Avi Luzon Borrows a League Format From a Defunct System

It was basically a calm meeting of the secretariat. While its members made a fateful decision to expand the Premier League to 16 teams and institute a three-tier playoff system, it was calm nonetheless. Avi Luzon, Israel Football Association chair, used a broad smile and a barrage of handshakes to keep things pleasant and enjoy a comfortable majority for the vote.

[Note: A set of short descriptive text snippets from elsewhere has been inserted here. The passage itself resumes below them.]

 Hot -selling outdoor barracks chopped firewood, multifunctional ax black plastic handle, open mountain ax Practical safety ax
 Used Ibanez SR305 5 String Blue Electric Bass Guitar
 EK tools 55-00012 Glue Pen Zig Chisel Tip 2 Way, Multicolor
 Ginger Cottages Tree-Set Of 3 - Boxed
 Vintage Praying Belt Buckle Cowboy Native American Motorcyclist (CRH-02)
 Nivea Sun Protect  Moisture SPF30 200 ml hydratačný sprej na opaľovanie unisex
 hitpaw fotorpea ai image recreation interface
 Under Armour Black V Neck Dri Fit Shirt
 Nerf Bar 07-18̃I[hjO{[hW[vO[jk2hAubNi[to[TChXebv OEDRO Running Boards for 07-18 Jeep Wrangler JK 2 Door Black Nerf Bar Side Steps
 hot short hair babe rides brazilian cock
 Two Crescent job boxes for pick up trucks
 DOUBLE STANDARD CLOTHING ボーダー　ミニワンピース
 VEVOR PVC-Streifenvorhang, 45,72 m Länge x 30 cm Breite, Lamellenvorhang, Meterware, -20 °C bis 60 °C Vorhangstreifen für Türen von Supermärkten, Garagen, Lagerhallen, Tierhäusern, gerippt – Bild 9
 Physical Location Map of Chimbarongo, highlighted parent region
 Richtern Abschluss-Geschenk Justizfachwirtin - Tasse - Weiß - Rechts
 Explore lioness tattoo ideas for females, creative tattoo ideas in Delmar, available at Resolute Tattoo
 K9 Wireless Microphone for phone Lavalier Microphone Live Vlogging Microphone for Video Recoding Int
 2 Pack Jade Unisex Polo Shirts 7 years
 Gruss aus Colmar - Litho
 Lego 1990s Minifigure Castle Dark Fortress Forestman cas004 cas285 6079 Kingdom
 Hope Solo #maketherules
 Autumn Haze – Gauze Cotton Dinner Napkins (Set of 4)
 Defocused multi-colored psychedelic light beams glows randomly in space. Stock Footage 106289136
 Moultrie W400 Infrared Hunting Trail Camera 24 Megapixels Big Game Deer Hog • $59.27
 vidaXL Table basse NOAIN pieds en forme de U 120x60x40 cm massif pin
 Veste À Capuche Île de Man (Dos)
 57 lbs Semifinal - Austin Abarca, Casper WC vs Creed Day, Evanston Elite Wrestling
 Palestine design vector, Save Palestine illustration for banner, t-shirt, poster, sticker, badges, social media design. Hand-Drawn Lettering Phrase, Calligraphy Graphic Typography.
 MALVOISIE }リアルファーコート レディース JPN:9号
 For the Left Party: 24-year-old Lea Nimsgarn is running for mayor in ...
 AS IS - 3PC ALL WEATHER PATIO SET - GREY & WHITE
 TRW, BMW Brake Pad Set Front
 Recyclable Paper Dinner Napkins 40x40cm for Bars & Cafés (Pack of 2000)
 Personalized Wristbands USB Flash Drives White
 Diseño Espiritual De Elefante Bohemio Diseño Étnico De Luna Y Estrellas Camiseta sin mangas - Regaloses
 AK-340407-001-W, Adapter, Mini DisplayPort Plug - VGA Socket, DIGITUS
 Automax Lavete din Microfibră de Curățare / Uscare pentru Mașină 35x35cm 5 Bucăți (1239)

"After two rounds," explained Luzon, "we'll cut everybody's points in half and round up." Aviv Bushinsky, the Maccabi Tel Aviv chair, looked furious and dared ask, "Say, are there precedents for this plan?" A prepared Luzon replied, "It's taken from a method implemented in Switzerland, but it doesn't exist any more." Bushinsky shot back, "If it's no longer around, that probably says something."

Luzon wasn't lying. The problem is, neither was Bushinsky. The Swiss Football Association did utilize a similar plan between 1986 and 2004. The league had authorized a special team to develop the system, aiming to boost interest in the league. Rather, that same team after two problematic years called on the league to go back to having just 12 clubs.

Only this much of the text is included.